Problem requirements -> The whole listing, except its pictures, is to be repeated exactly.

Collected material ->

◇ ◇ ◇ ◇ ◇ ◇ ◇

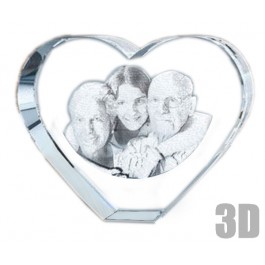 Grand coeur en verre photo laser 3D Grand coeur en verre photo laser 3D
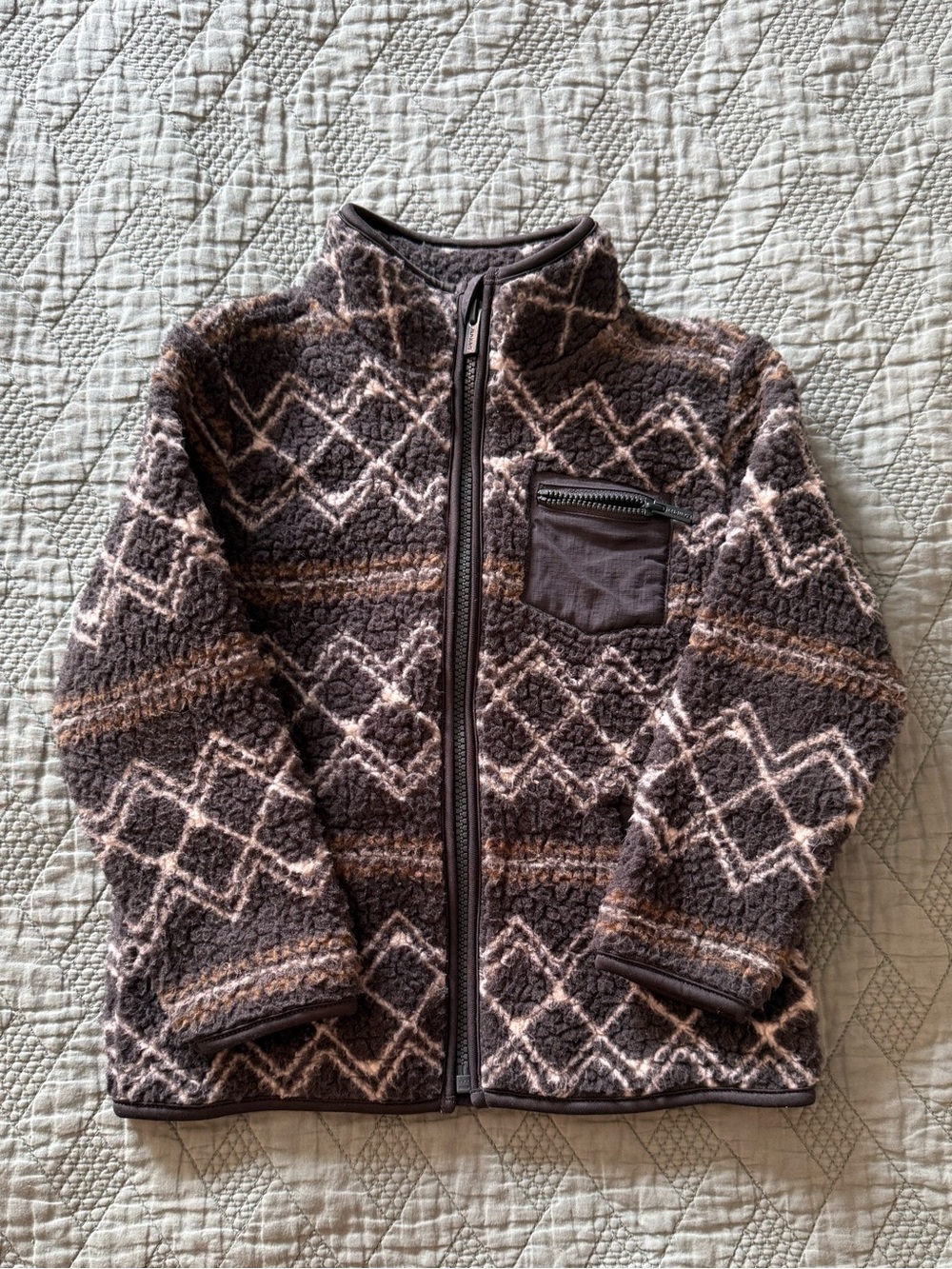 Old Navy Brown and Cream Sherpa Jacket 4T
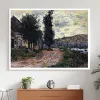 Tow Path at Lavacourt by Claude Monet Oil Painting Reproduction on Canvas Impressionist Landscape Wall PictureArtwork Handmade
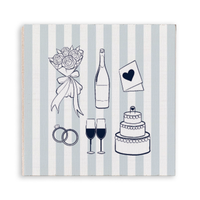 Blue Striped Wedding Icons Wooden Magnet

◇ ◇ ◇ ◇ ◇ ◇ ◇

Expected answer ->
 Grand coeur en verre photo laser 3D Grand coeur en verre photo laser 3D
 Old Navy Brown and Cream Sherpa Jacket 4T
 Tow Path at Lavacourt by Claude Monet Oil Painting Reproduction on Canvas Impressionist Landscape Wall PictureArtwork Handmade
 Blue Striped Wedding Icons Wooden Magnet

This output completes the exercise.